*Exercise*.
Where an entry below contains an image, skip the image and reproduce the rest exactly.

*Record excerpts*.

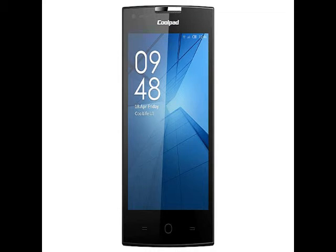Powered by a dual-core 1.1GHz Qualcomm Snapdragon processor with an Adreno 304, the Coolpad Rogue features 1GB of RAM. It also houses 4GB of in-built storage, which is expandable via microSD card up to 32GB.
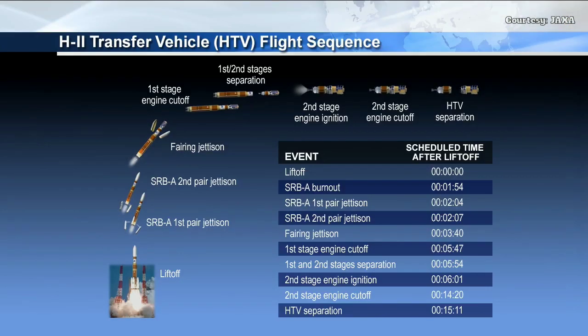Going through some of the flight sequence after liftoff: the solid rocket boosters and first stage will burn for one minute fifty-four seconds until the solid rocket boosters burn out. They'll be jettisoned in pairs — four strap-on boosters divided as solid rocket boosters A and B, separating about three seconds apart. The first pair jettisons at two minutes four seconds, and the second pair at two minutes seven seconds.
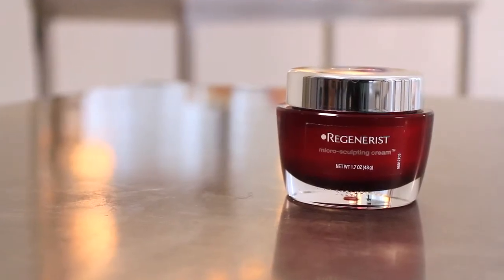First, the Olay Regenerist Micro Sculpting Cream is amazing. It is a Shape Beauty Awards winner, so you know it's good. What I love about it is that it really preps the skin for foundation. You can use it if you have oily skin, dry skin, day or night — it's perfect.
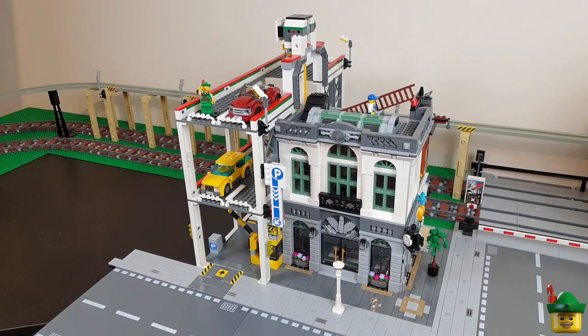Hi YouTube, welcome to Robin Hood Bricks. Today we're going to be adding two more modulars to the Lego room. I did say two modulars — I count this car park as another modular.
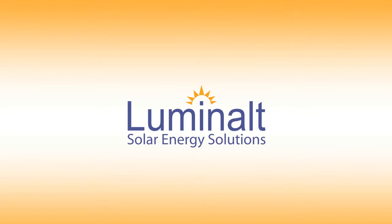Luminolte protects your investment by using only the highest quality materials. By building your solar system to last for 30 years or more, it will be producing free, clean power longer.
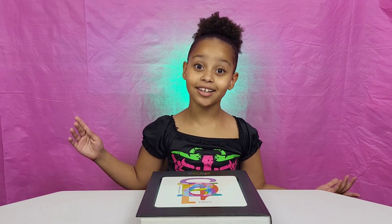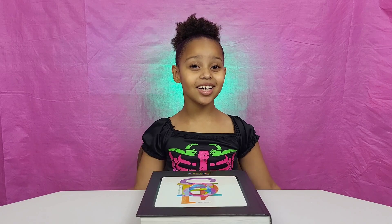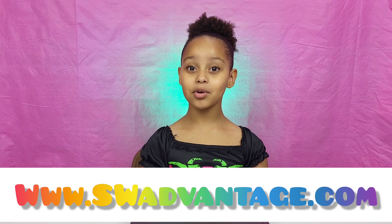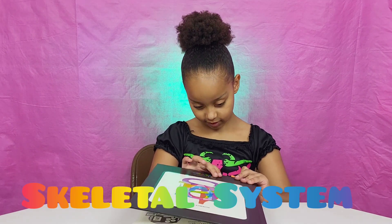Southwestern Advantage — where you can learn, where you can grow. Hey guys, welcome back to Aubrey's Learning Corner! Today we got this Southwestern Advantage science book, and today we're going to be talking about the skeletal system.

*Completed task*.
Powered by a dual-core 1.1GHz Qualcomm Snapdragon processor with an Adreno 304, the Coolpad Rogue features 1GB of RAM. It also houses 4GB of in-built storage, which is expandable via microSD card up to 32GB.
Going through some of the flight sequence after liftoff: the solid rocket boosters and first stage will burn for one minute fifty-four seconds until the solid rocket boosters burn out. They'll be jettisoned in pairs — four strap-on boosters divided as solid rocket boosters A and B, separating about three seconds apart. The first pair jettisons at two minutes four seconds, and the second pair at two minutes seven seconds.
First, the Olay Regenerist Micro Sculpting Cream is amazing. It is a Shape Beauty Awards winner, so you know it's good. What I love about it is that it really preps the skin for foundation. You can use it if you have oily skin, dry skin, day or night — it's perfect.
Hi YouTube, welcome to Robin Hood Bricks. Today we're going to be adding two more modulars to the Lego room. I did say two modulars — I count this car park as another modular.
Luminolte protects your investment by using only the highest quality materials. By building your solar system to last for 30 years or more, it will be producing free, clean power longer.
Southwestern Advantage — where you can learn, where you can grow. Hey guys, welcome back to Aubrey's Learning Corner! Today we got this Southwestern Advantage science book, and today we're going to be talking about the skeletal system.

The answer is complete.